**Data block:**

──────────

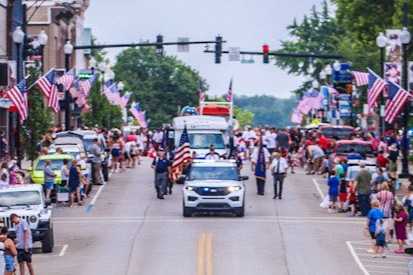 Image showing police vehicles lined up for 4th of July parade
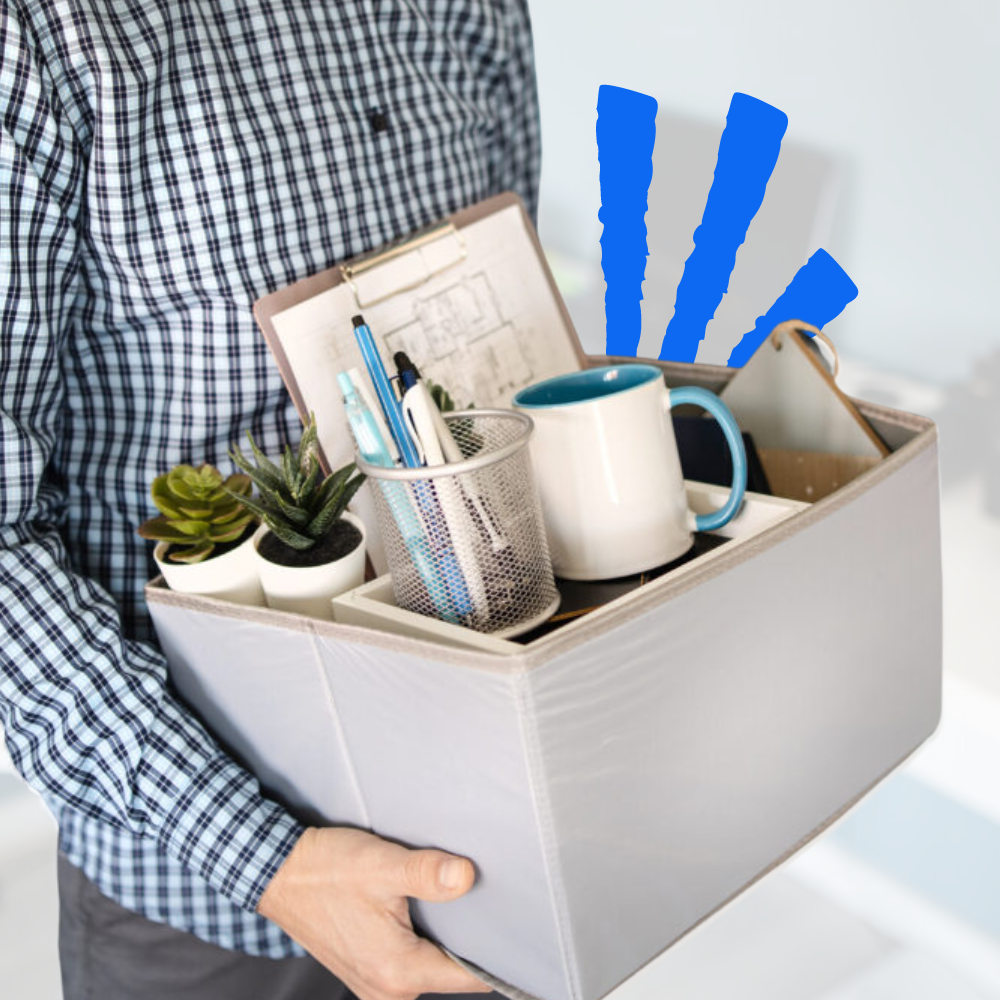 Professional who just got laid off holding a box of their things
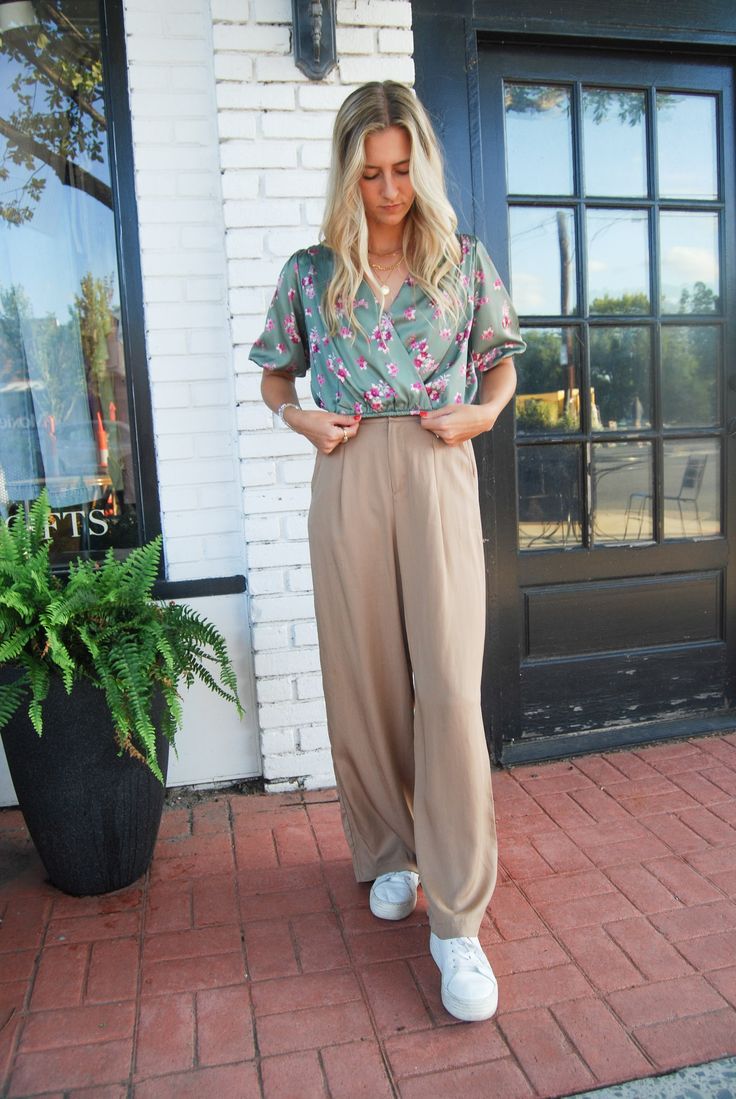 Get ready to up your fashion game with the Dress Code Trouser Pant! This tan pant features a comfortable elastic waistband and invisible zipper closure. Dress it up or down, these pants are perfect for any occasion. Say goodbye to uncomfortable trousers and hello to style and comfort! Khaki Pants With Elastic Waistband For Day Out, Brown Pants For Spring Day Out, Neutral Pants With Elastic Waistband For Day Out, Spring Business Casual Khaki Bottoms, Spring Khaki Bottoms For Business Casual, Chic Khaki Pants With Elastic Waistband, Business Casual Beige Pants With Elastic Waistband, Beige Pants With Elastic Waistband For Business Casual, Chic Taupe Pants For Spring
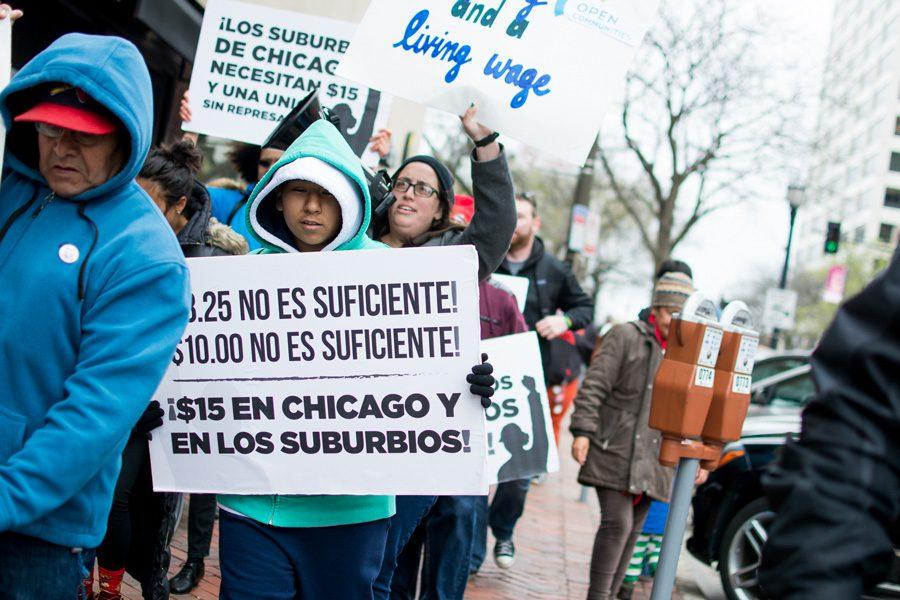 Workers, protesters and activists march to the Burger King on Orrington Avenue on Sunday afternoon to protest low wages in Evanston. The marchers later demonstrated outside McDonald’s on Dempster Street, demanding better working conditions.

──────────

Starting with the line that has "Professional who just" and ending with the line that has "Get ready to", repeat the lines above exactly, omitting every picture.

**Exercise result:**
 Professional who just got laid off holding a box of their things
 Get ready to up your fashion game with the Dress Code Trouser Pant! This tan pant features a comfortable elastic waistband and invisible zipper closure. Dress it up or down, these pants are perfect for any occasion. Say goodbye to uncomfortable trousers and hello to style and comfort! Khaki Pants With Elastic Waistband For Day Out, Brown Pants For Spring Day Out, Neutral Pants With Elastic Waistband For Day Out, Spring Business Casual Khaki Bottoms, Spring Khaki Bottoms For Business Casual, Chic Khaki Pants With Elastic Waistband, Business Casual Beige Pants With Elastic Waistband, Beige Pants With Elastic Waistband For Business Casual, Chic Taupe Pants For Spring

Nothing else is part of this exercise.